Appena arrivati all’ingresso di Dachau mi sono chiesto dove fossimo arrivati perché non mi pareva di vedere niente di simile ad un campo di concentramento, ma fatti pochi metri ci siamo ritrovati di fronte al cancello dove mi si è gelato subito il sangue di fronte alla scritta Arbeit macht frei , una falsa speranza di ciò che aspettava chi varcava quella soglia.
Una volta entrati nel museo abbiamo trovato stanze con documenti e descrizioni storiche. La stanza che più mi ha colpito è quella dove avveniva lo smistamento dei deportati .Sulla parete la grossa scritta Rauchen verboten, vietato fumare: raccapricciante! Poi ci hanno portato in una sala dove hanno proiettato il documentario che racconta Dachau: tutto documentato perché Dachau è stato il primo campo e il modello per tutti gli altri campi. Appena usciti abbiamo cercato le baracche, che se pur all’interno ricostruite, rendono bene l’idea dello spazio, di come le persone vi stessero stipate come bestie.
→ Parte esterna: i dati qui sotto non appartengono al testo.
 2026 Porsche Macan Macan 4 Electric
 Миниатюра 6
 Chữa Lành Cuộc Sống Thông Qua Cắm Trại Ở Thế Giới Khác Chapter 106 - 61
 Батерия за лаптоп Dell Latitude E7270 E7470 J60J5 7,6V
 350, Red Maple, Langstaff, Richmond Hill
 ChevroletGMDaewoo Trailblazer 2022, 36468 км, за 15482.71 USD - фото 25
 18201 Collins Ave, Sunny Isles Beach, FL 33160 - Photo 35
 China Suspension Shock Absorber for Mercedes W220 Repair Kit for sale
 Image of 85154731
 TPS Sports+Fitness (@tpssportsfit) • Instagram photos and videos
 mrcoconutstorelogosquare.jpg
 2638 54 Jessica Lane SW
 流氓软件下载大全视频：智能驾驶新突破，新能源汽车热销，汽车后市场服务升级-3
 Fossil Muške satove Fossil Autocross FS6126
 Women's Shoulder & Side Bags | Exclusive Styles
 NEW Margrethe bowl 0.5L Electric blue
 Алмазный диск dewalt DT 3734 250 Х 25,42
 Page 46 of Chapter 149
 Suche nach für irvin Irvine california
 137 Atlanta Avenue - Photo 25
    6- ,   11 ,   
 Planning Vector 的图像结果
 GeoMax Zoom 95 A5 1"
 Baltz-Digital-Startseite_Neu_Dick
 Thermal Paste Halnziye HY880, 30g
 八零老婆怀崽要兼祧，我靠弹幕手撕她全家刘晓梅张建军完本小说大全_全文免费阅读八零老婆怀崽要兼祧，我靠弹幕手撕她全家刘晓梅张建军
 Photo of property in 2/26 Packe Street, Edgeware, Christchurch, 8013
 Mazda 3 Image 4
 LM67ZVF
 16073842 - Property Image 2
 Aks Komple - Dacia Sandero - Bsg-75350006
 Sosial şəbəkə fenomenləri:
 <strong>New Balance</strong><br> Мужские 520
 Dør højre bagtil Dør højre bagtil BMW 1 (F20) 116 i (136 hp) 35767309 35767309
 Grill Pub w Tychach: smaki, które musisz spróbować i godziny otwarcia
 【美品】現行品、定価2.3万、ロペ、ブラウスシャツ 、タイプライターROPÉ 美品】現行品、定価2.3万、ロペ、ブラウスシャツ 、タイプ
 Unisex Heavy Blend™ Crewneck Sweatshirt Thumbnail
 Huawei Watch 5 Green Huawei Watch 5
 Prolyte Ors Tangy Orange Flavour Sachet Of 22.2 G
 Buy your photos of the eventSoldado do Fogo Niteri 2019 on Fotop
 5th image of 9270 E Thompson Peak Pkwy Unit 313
Poi abbiamo cercato i forni crematori, in fondo al campo, mimetizzati tra la vegetazione e all’interno, pensare alla situazione reale, mi ha fatto venire i brividi. Il momento però in cui mi sono trovato più a disagio è stato all’interno della camera a gas dove ho avuto la sensazione di claustrofobia, sono dovuto uscire in preda all’angoscia, anche se ci avevano detto che quella camera a gas non è mai entrata in funzione. La visita al campo è stata dunque di forte impatto emotivo; lì si riflette molto su ciò che è successo, sulle cause e si esce con un diverso modo di avvicinarsi alla storia passata e presente.